Excel Table Container

This simple container class holds a spreadsheet and make it easier to access and manipulate individual sheets. It is part of rcf_lib.py

class TableGlob:

    filepath = ""

    def __init__(self, name):
        self.name = name

    def importExcelTable(self, filepath):
        if not self.filepath:
            if( os.path.isfile(str(filepath)) and str(filepath[-4:]) == 'xlsx'):
                dbg(e,"good","TblGlb","Data found, importing {0}...".format(filepath))
                self.tablefile = pd.ExcelFile(filepath)
                self.sheetlist = self.tablefile.sheet_names
                dbg(e,"good","TblGlb","Sheets: {0}".format(self.sheetlist))
                self.filepath = filepath
                return True
            else:
                dbg(e,"fail","TblGlb","Path incorrect or table invalid!")
                return False
        else:
            dbg(e,"fail","TblGlb","Table already imported!")
            return False

    def sheets(self):
        return self.sheetlist

    # Returns a pandas dataframe from the excel sheet specified.
    def getdf(self, sheetid):
        if str(sheetid) in self.sheetlist:
            return self.tablefile.parse(sheetid)

    # Mostly for ensuring import was successful.
    def dataShapeTuple(self):
        tuples = []
        for sheetid in self.sheetlist:
            temptable = self.getdf(str(sheetid))
            tuples.append((temptable.shape[0],temptable.shape[1]))

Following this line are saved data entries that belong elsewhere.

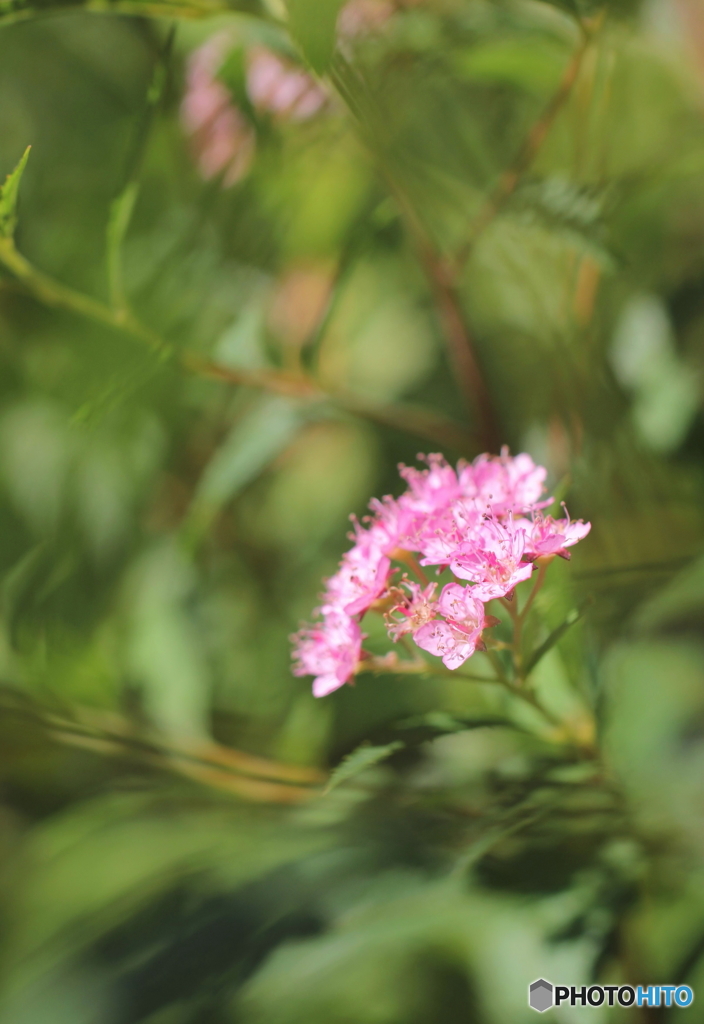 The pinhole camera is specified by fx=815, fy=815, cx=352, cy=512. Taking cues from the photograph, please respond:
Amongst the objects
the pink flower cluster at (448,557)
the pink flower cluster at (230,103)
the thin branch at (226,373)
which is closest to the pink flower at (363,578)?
the pink flower cluster at (448,557)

        dbg(e,"good","TblGlb","Data Shape (ROW,COL): {0}".format(tuples))
        return tuples

Documentation Generator

The following code strips data from tables generated by the Microsoft TFS work tracking bureaucratic engine, and reassembles it into partial documentation.

#!/bin/python3
'''
TFSDataToSectionalTemplateV2.py

2018 04

This program simply strips useful data from an excel file
and structures it as rich text for placement into a word
document for Release Documentation.

Changelog:
V0:
- Began development.
- Implemented excel spreadsheet import.
- Implemented excel spreadsheet processing.
- Implemented command line output.
V1:
- Added docx package.
- Implemented stylized word document export.
V2:
- Added 'column order resilience,' spreadsheet can be less structured.
- Improved table output.
- Added more output and instructions for coworkers.
'''
import os
import pandas as pd
from docx import Document
from docx.shared import Inches


#COLUMN VARIABLES:
cID=0
cITEMTYPE=0
cTITLE=0


#SETUP AND SPREADSHEET IMPORT:
def excelData():
  spreadsheet = pd.ExcelFile('tfsdata.xlsx')
  dataframe = spreadsheet.parse('Sheet1')
  return(dataframe)

def excelOutputSetup():
  writer = pd.ExcelWriter('formattedOutput.xlsx', engine='xlsxwriter')
  return(writer)

print("TFS Excel To Word Template Translator")
print("Ensure this tool is placed in the same directory as 'tfsdata.xlsx'")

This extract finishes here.